■ What the task asks
Copying rule for the data below: pictures stay out, and only the lines from the one with "this 1204×987 image." down to the one with "this 1354×896 image.", inclusive, are repeated exactly.
(Beginning of Source material)
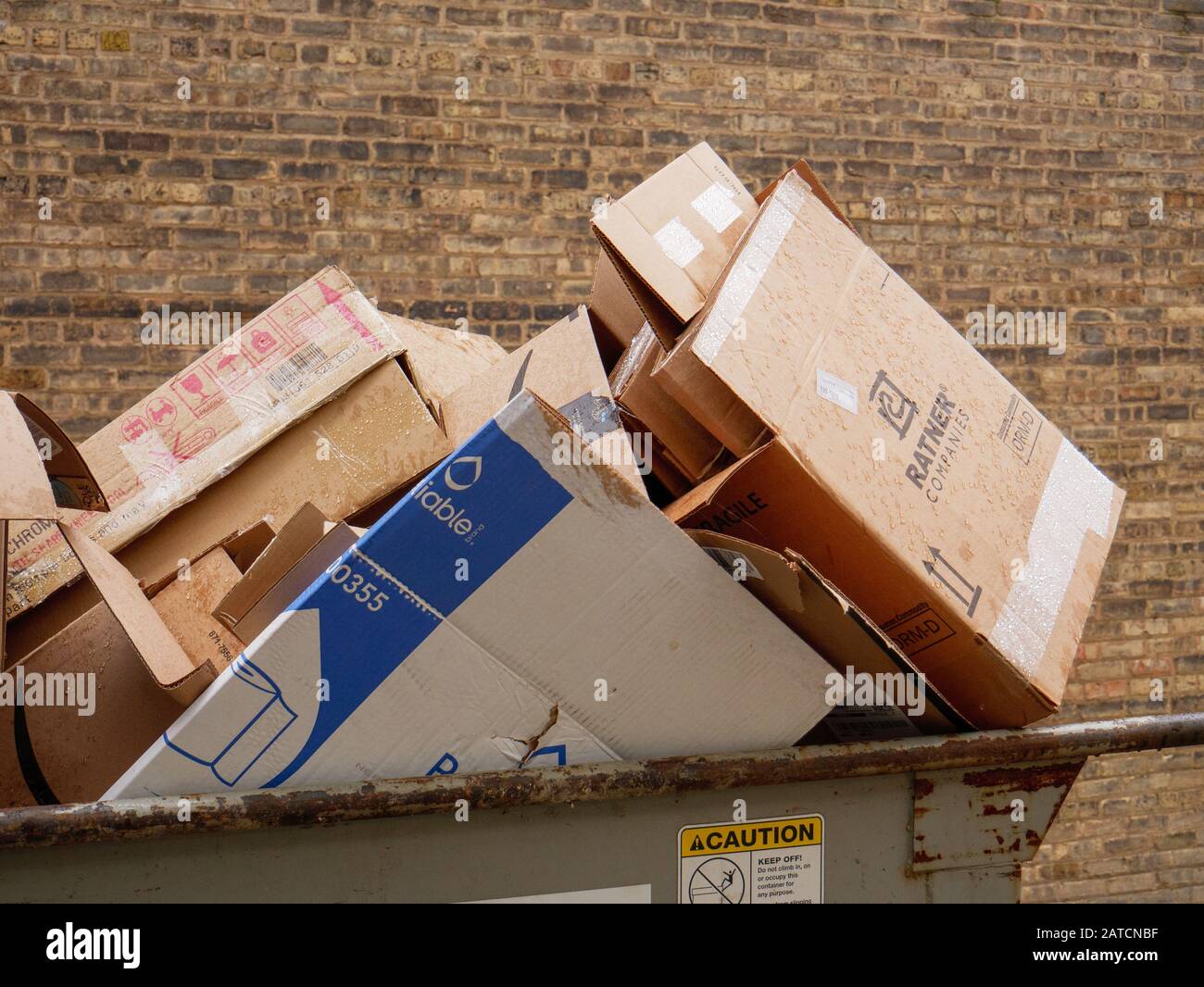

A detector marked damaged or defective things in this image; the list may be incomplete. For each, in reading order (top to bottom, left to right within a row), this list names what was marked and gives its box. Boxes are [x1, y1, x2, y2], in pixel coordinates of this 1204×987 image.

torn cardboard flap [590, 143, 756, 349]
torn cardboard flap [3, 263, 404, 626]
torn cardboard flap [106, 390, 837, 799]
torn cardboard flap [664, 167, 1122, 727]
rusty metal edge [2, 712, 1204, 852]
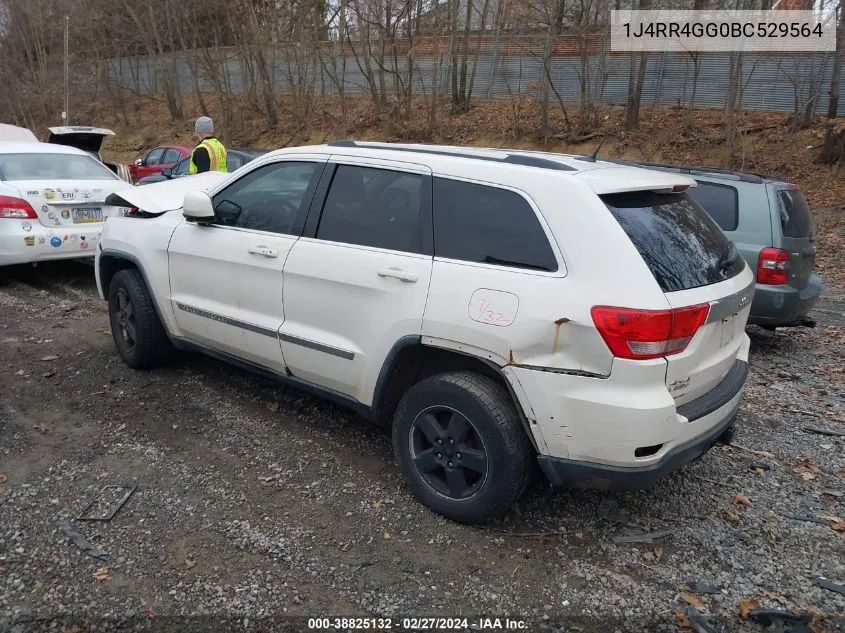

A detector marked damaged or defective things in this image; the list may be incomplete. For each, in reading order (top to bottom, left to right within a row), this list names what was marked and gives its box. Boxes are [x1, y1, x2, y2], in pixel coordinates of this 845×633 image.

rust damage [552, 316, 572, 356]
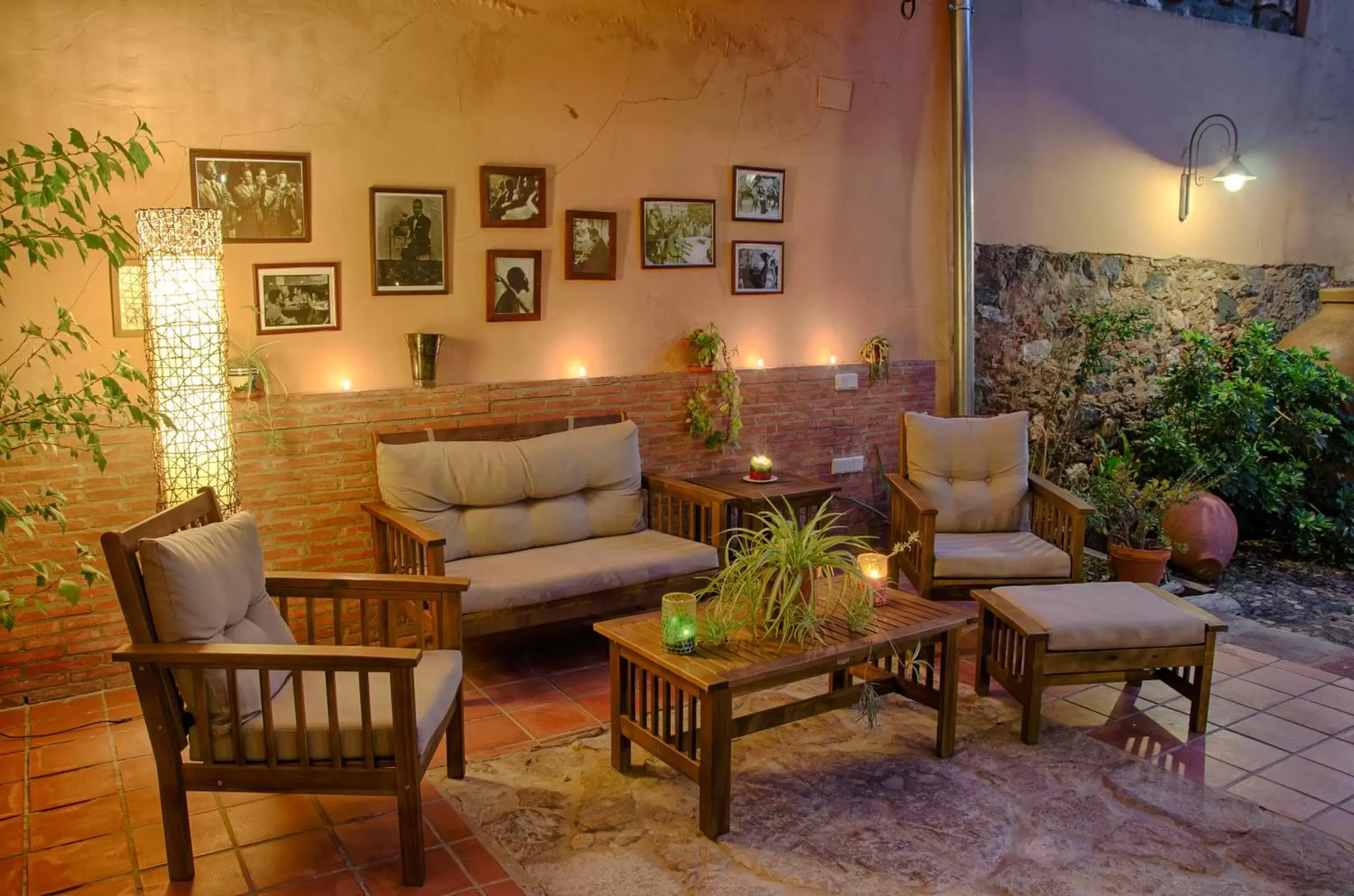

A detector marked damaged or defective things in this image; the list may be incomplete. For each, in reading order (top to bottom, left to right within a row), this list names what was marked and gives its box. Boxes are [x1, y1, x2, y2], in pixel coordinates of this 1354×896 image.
(End of Source material)
(Beginning of Source material)
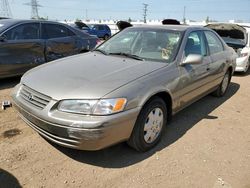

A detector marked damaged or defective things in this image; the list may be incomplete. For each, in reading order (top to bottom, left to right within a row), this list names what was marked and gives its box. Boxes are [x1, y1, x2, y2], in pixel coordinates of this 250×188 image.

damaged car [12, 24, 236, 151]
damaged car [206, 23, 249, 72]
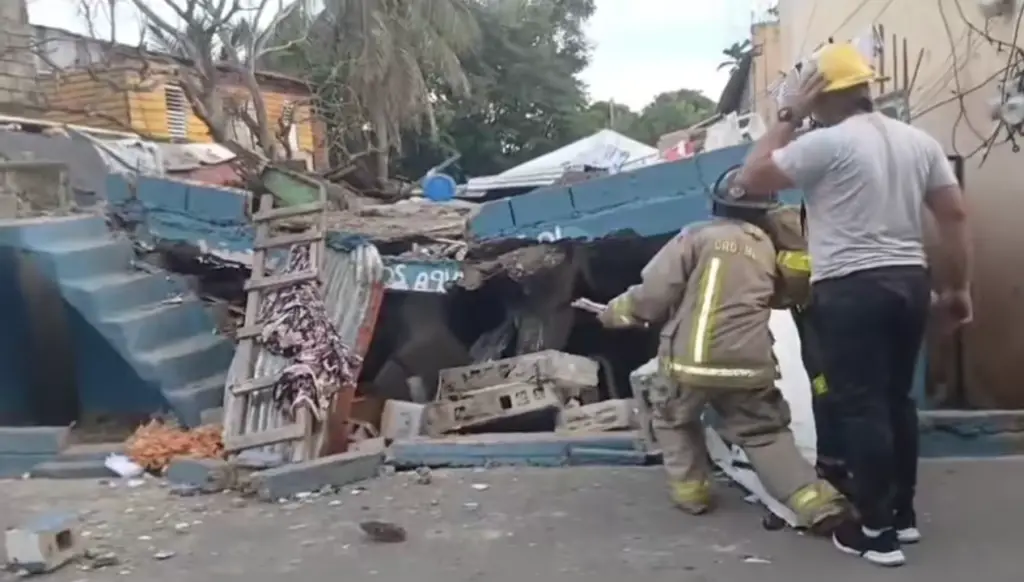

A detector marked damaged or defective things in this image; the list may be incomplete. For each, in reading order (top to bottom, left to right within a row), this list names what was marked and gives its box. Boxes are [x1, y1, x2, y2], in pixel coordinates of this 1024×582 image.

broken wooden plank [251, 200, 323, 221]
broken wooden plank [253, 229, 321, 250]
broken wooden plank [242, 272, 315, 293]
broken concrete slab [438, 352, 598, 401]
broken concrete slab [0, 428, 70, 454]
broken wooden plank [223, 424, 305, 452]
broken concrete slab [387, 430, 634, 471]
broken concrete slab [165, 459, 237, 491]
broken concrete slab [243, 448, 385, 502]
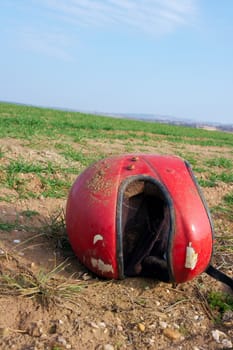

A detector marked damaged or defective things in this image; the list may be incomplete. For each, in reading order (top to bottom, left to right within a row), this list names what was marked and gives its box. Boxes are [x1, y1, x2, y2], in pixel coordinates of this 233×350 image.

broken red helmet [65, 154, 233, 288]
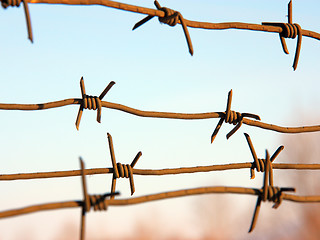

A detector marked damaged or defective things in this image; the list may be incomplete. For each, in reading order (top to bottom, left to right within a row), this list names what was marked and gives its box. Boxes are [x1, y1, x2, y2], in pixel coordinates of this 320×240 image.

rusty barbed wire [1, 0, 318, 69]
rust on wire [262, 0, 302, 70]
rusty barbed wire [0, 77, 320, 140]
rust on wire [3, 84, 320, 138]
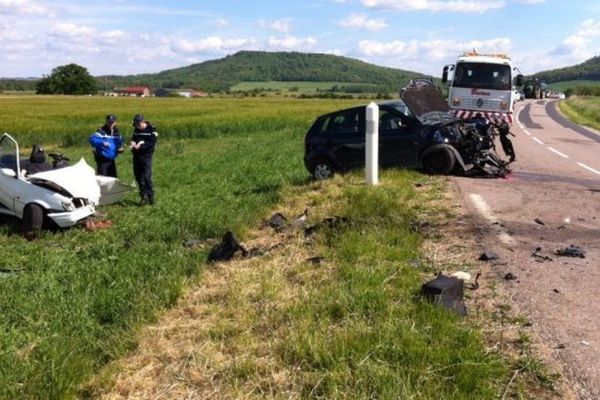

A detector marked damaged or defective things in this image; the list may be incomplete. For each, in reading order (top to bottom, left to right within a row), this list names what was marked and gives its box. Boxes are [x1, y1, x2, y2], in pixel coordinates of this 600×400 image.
(End of Source material)
■ The completed task
A detector marked damaged or defective things in this image; the list may be incomplete. For each, in reading order (top to bottom, left to right within a row), this list names what was marked and gives its box. Boxes are [x1, y1, x2, y2], in pixel coordinates of this 1204×987 image.

torn cardboard flap [590, 143, 756, 349]
torn cardboard flap [3, 263, 404, 626]
torn cardboard flap [106, 390, 837, 799]
torn cardboard flap [664, 167, 1122, 727]
rusty metal edge [2, 712, 1204, 852]

A detector marked damaged or defective things in this image; the list may be incomplete. For each, in reading order (top to bottom, left to right within a row), this list names what was marked and gives its box. Boxes are [x1, y1, x2, y2], in pixel coordinates of this 845×633 image.

rust damage [552, 316, 572, 356]

A detector marked damaged or defective things in this image; the list may be incomplete. For each, in reading order (top to bottom, left to right within a row), this list names what was marked and gives its box. Boxes are [x1, y1, x2, y2], in pixel coordinates of this 1354×896 image.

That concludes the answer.